We remain liable under the Privacy Shield Principles if an agent processes Personal Data covered by this Policy in a manner inconsistent with the Privacy Shield Principles, except where we can establish that we are not responsible for the event giving rise to the damage.

4. Security

We take reasonable and appropriate measures to protect Personal Data covered by this Policy from loss, misuse, and unauthorized access, disclosure, alteration, and destruction, taking into due account the risks involved in the processing and the nature of the Personal Data.

5. Data Integrity and Purpose Limitation

We limit the collection of Personal Data covered by this Policy to information that is relevant for the purposes of processing, as described in our general or specific privacy notices.  We do not process such Personal Data in a way that is incompatible with the purposes for which it has been collected or subsequently authorized by the Data Subject.
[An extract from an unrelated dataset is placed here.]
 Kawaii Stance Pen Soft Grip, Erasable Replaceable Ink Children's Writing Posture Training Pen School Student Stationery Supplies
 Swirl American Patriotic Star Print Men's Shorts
We take reasonable steps to ensure that such Personal Data is reliable for its intended use, accurate, complete, and current.  We take reasonable and appropriate measures to comply with the requirement under the Privacy Shield to retain Personal Data in identifiable form only for as long as is needed for the purposes for which it was collected or for which you subsequently authorized it, and additionally for as long as we are required to keep it because of legal obligations, professional accounting and audit standards, legal or insurance claims, or regulatory proceedings.  We adhere to the Privacy Shield Principles for as long as we retain such Personal Data.

6. Access

Data Subjects whose Personal Data is covered by this Policy have the right to access such Personal Data and to correct, amend, or delete such Personal Data if it is inaccurate or has been processed in violation of the Privacy Shield Principles (except when the burden or expense of providing access, correction, amendment, or deletion would be disproportionate to the risks to the Data Subject’s privacy, or where the rights of persons other than the Data Subject would be violated).  Requests for access, correction, amendment, or deletion should be sent to: privacy@mgm.com.
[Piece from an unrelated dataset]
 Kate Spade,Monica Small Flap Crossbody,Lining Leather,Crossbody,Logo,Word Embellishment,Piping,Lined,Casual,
As noted in our general privacy policy, we work with online analytics and advertising companies. The European Digital Advertising Alliance (“EDAA”) has developed a guide to online behavioral advertising and has developed an opt-out page for participating EDAA member companies available at www.YourOnlineChoices.com. You may also review our cookie policy for Stargate Command at cookie-policy.stargatecommand.co.

7. Recourse, Enforcement, and Liability

Our participation in the EU-US Privacy Shield Framework and the Swiss-US Privacy Shield Framework is subject to investigation and enforcement by the Federal Trade Commission.
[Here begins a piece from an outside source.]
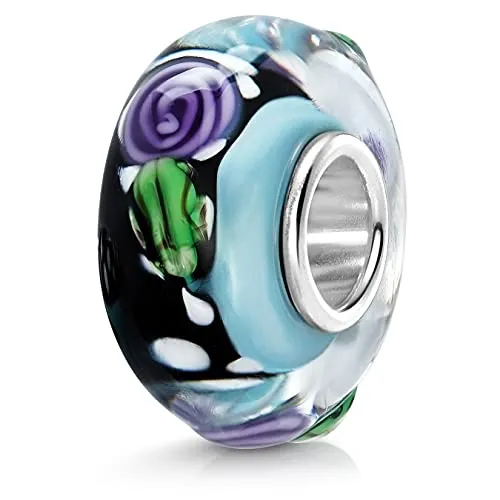MATERIA 3D Glas Beads Anhänger Blume Blatt 925 Silber blau lila für Beads Armband #297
In compliance with the Privacy Shield Principles, we commit to resolve complaints about your privacy and our collection or use of your Personal Data.  If you have questions or complaints regarding this Policy or our practices, you should first contact us at: privacy@mgm.com.

We have further committed to refer unresolved privacy complaints under the EU-US and Swiss-US Privacy Shield Frameworks to an independent dispute resolution provider located in the United States.  If you do not receive timely acknowledgement of your complaint from us, or if we have not resolved your complaint, please contact JAMS or visit www.jamsadr.com for more information or to file a complaint.  The services of JAMS are provided at no cost to you. 

We have further committed to cooperate with the panel established by the EEA data protection authorities or the Swiss Federal Data Protection Authority, as applicable, and comply with their advice with regard to human resources data transferred under this Policy in the context of the employment relationship.

Under certain conditions detailed in the Privacy Shield, Annex I, Data Subjects also may be able to invoke binding arbitration before the Privacy Shield Panel created by the US Department of Commerce and the European Commission.

We will periodically review and verify compliance with the Privacy Shield Principles and remedy any issues arising out of failure to comply with the Privacy Shield Principles.